Dus starten we met de therapie, net nadat ze uit het ziekenhuis is thuisgekomen. Maar wat vindt ze het allemaal eng. Ze denkt dat ze niet meer kan staan, dat het been niet meer kan bewegen, dat ze pijn gaat krijgen. Eigenlijk durft ze niks en het komt vast nooit meer goed.

Ze ziet slecht en soms weet ze niet meer precies welke dag het is. Om deze redenen weet ze soms ook niet wie ik ben. Dan kom ik binnen en zegt ze: ‘Kind, wat ben ik blij dat je er bent.’
Meestal heeft dat te maken met het feit dat ze denkt dat ik voor de koffie kom of voor het afwasje of voor de toiletgang.

Als ik duidelijk maak dat ik kom om te oefenen, zegt ze: ‘Ik denk niet dat het vandaag lukt hoor.’
Soms moet ik alles uit de kast halen om haar uit haar stoel te krijgen en gaat ze mee omdat ik het zo graag wil.

Vandaag is zo’n dag. Ze zit met haar ogen dicht in de stoel en reageert erg lauw als ik binnen kom. Gelukkig gaat ze uiteindelijk met me mee. Ineens bedenk ik me dat ze graag piano speelt. Dus we lopen naar de lift en ik neem haar mee naar de piano.

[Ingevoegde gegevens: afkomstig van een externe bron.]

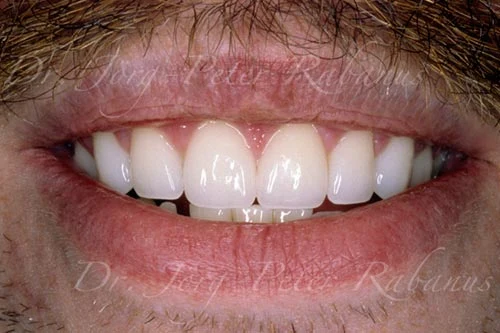 gummy smile after porcelain veneers and gum lift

‘Wilt u een stukje voor mij spelen?’ vraag ik.
‘Dat lukt toch nooit. Mijn handen zijn veel te stijf.’
Er volgen nog wat andere excuses. Ik vraag of ze het toch wil proberen. Na wat opstarten speelt ze dan uiteindelijk een lied dat ze zelf heeft geschreven voor haar trouwdag. En oh…er hoort ook tekst bij:

Zeg weet je nog die dag, die stralende morgen in mei
Het was alles zo vrolijk, zo vreugdevol en blij
Wij gingen blij van zin tezamen de toekomt in
Waarop wij vertrouwden volkomen eens van zin

Later als we teruglopen, vertelt ze me dat ze het ook gespeeld heeft toen haar man er in de laatste dagen van zijn leven om vroeg. Ze zijn hun leven samen begonnen met dit lied en hebben het ook zo afgesloten. Ik bedank haar voor haar mooie spel en verhaal.

Het is vrijdag. De dag waarop ik met haar oefen. Ik loop naar haar kamer, doe de deur open en begroet haar.
‘Kind,’ zegt ze, ‘wat ben ik blij dat je er bent. Jij bent van de therapie, toch.’